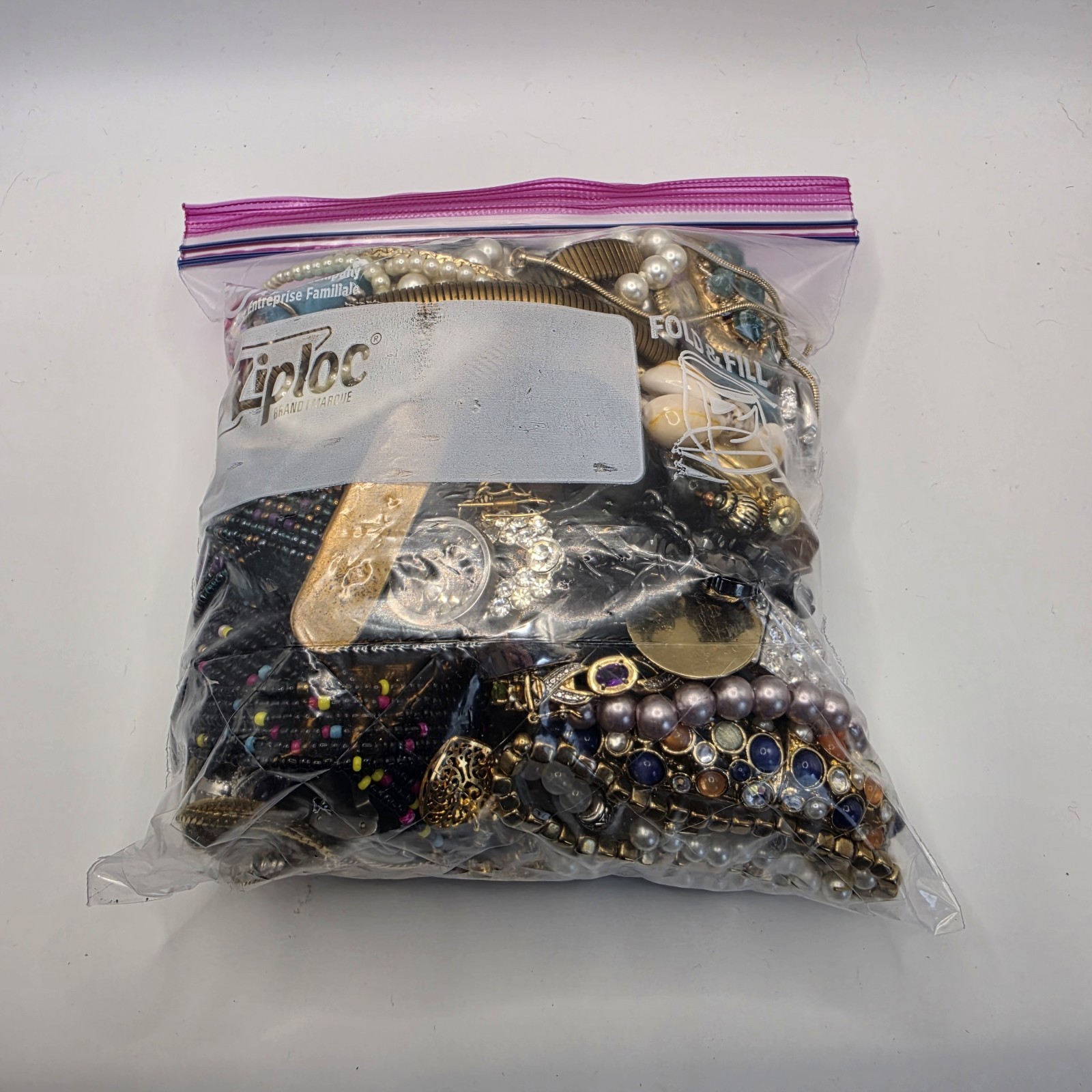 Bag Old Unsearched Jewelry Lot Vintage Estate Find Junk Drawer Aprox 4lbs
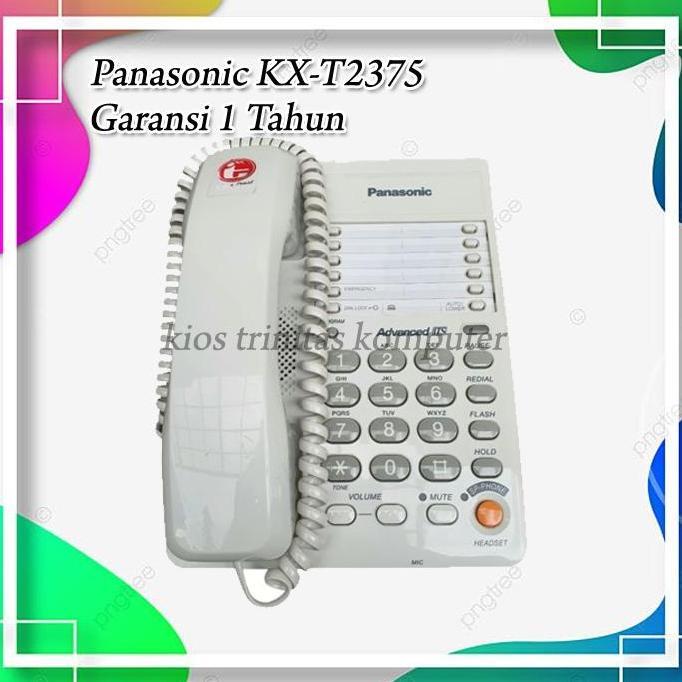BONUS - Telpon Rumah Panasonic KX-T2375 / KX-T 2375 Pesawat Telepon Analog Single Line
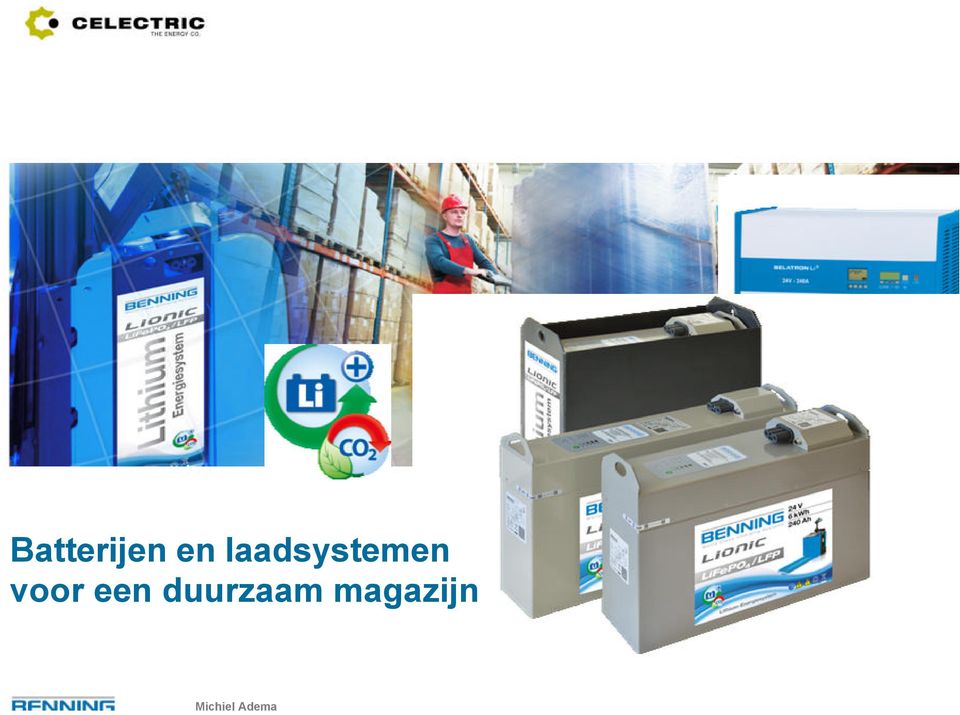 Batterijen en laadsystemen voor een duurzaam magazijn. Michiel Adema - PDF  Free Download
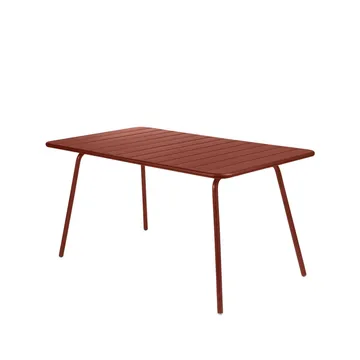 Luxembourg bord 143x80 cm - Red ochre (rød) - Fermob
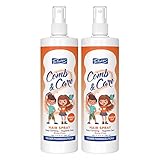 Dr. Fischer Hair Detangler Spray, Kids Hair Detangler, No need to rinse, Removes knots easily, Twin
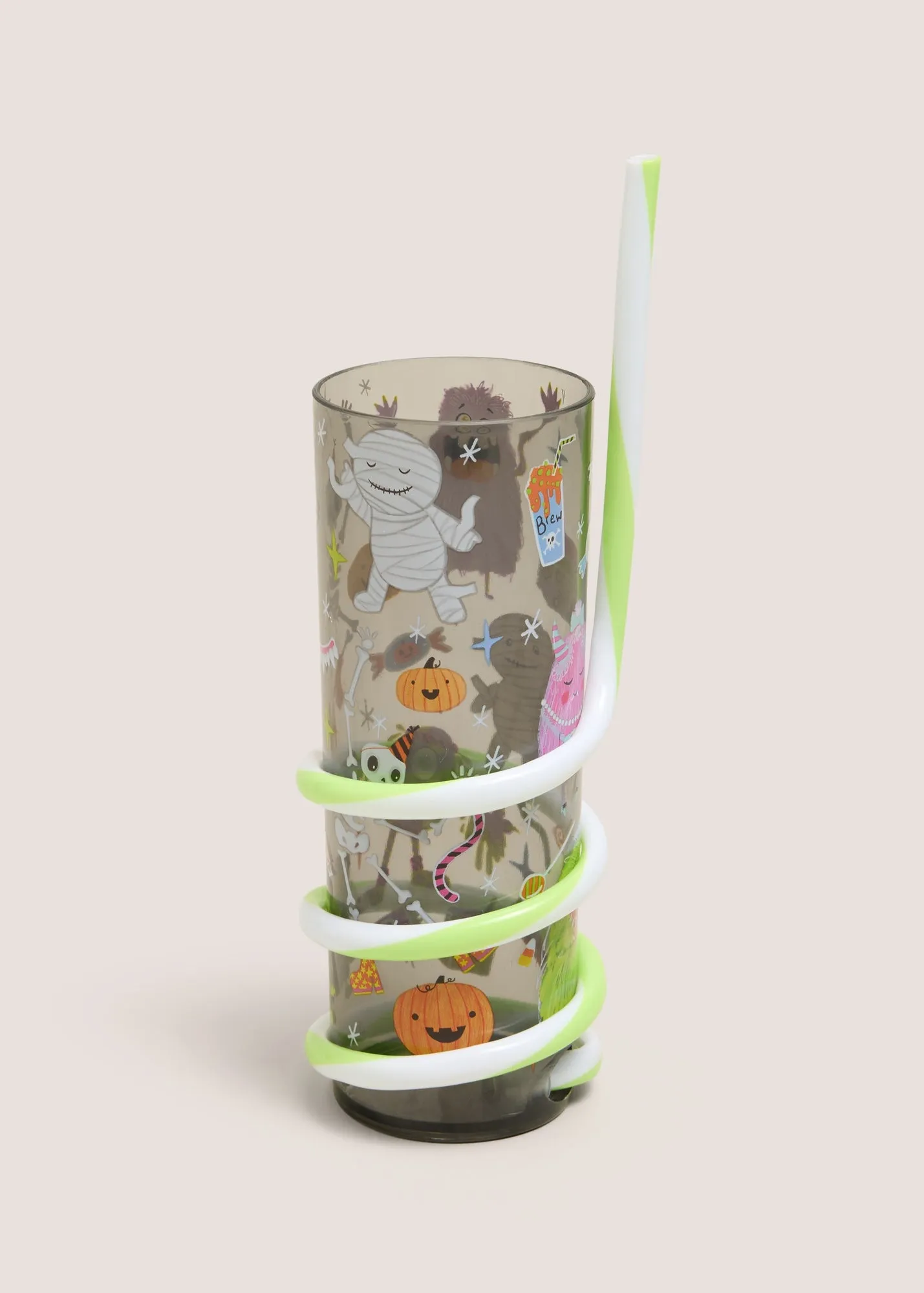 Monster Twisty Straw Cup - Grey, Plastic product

┄┄┄┄┄┄┄┄┄┄

*TASK DESCRIPTION*
When you reach the line containing "BONUS - Telpon" in the entries above, begin restating word for word, and stop once the line containing "Luxembourg bord 143x80" has been given. Omit the pictures.

*EXPECTED ANSWER*
BONUS - Telpon Rumah Panasonic KX-T2375 / KX-T 2375 Pesawat Telepon Analog Single Line
 Batterijen en laadsystemen voor een duurzaam magazijn. Michiel Adema - PDF  Free Download
 Luxembourg bord 143x80 cm - Red ochre (rød) - Fermob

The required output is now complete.